In the first round of this year’s election, the main parties defended a system whose crisis increased unemployment and uncertainty. At the same time as legitimising fascist policies, they fuelled the despair and disillusionment it feeds on. In his book Marxists In The Face of Fascism, David Beetham writes that the ­connection between fascism and the ­mainstream right within a parliamentary system can take two forms—“succession and simultaneous interaction”.

He adds, “Reaction tends to be fuelled, not exhausted, by concessions. “A different process of ­interaction takes place where the presence of a fascist ­movement enables a parliamentary regime to win support for reactionary measures. Both forms of connection, successive and reciprocal, were exemplified in Germany between 1929 and 1933”—the rise of Adolf Hitler.

The fascists are advancing in other ways. Traditional fascist strategy requires a street army, initially separate to the state forces, to smash the left and to harass and murder scapegoats such as Jews, Muslims and migrants.

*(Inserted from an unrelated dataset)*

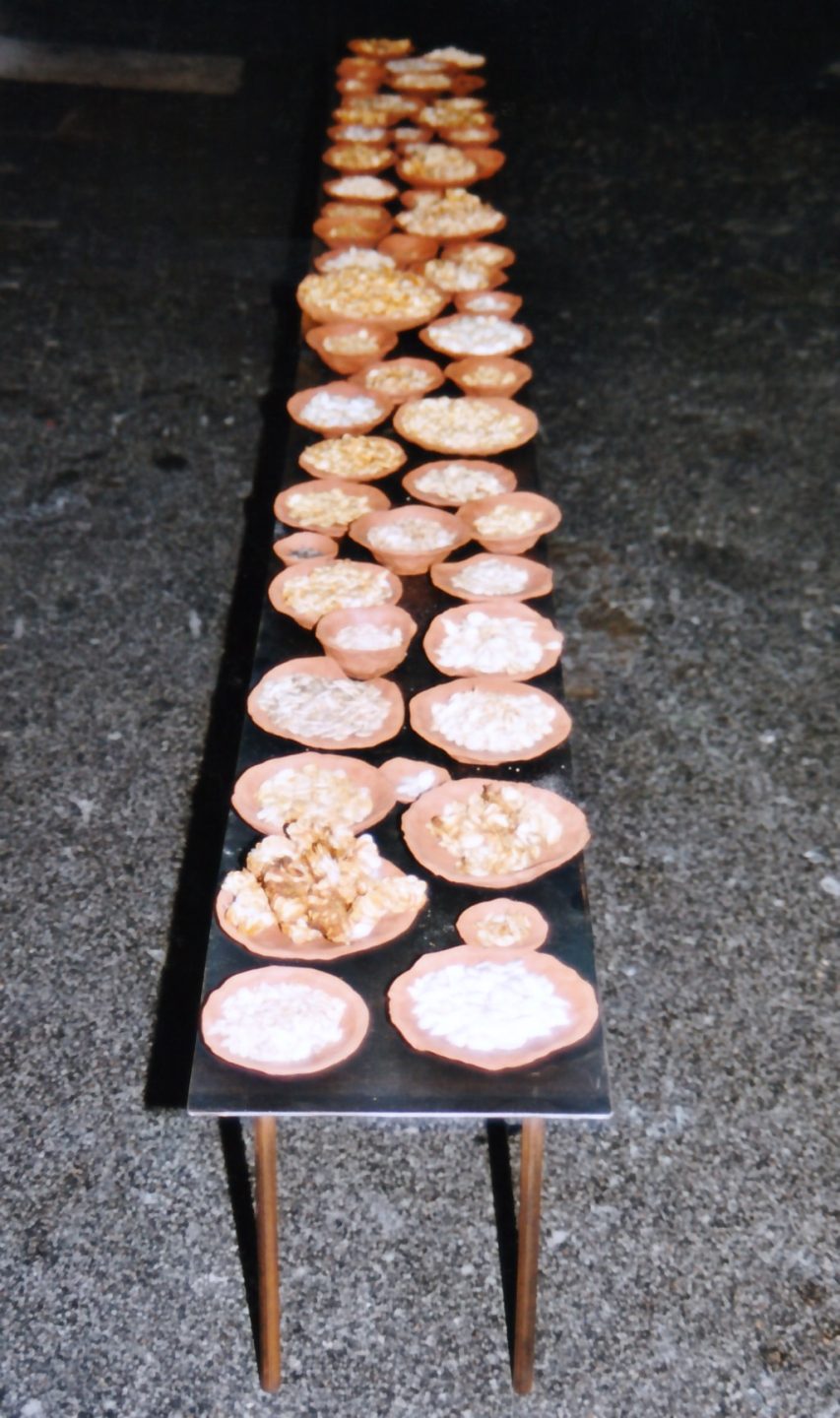 Sofie Vinet - Fille de la terre - Hommage au Jardinier - offrande de pépins de courges à Nantes (44)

Le Pen does not have that at the moment, but there are glimpses of the potential. Far right group Generation Z, who are mostly young ­supporters of Zemmour, have ­carried out attacks on the left, LGBT+ people and anti-racists. Far right supporters ejected a left wing student occupation last week.

The state machine is also infested with fascist ­supporters. A group of retired generals published a declaration last year which threatened an intervention by the army in the face of what they called “the ­disintegration which strikes the fatherland”.

Five more years of Macron increasing the pension age, attacking benefits, ­targeting Muslims and confronting ­working class organisations will give the fascists further opportunities. The warnings are clear.

Opportunities to challenge Le Pen were lost

The failures of the left are the other side of the fascists’ rise. One obvious mistake was not to clearly identify Jean-Marie and then Marine Le Pen as Nazis, rather than simply “just another right wing party”. It would then follow that all working class organisations should unite in action to propagandise and organise against the fascists, break up their meetings and confront them in the streets.

When, in the 1980s and 1990s, anti-racists did mobilise in large numbers, it was seen as merely an auxiliary to the Socialist Party’s campaign. But the equivalent of the Labour Party betrayed its supporters when it ruled in recent decades and has now virtually disappeared. It took just 1.74 percent of the vote two weeks ago.

Its rule for the rich propelled millions of working class people into accepting the fascists’ lies. Now there is a huge responsibility on left wing challenger Jean‑Luc Melenchon who won 22 percent in the first round of the presidential vote, just 420,000 behind Le Pen.

He pulled big numbers of working class people in the big cities behind him, with queues to vote for him in some areas. And 69 percent of Muslims who voted backed him. This force could have been mobilised in mass demonstrations.

Melenchon could have said, whoever wins on Sunday, take to the streets, don’t go to work on Monday, make it a day to signal that you won’t bow down to the fascist or the banker. Instead Melenchon remains utterly fixated on elections. He has called on voters to make him prime minister in the legislative elections in June and is seeking an electoral pacts with the Communists, the Greens and the NPA far left party.

Such manoeuvres won’t be a barrier to the far right. The crucial battleground in the next five years will be in the workplaces and the streets. It will mean building on the Yellow Vest movement, the 2019 strikes against pension attacks, the women’s, environmental and anti-racism movements. Such struggles have to be a basis for the political challenge to all the traditional forces.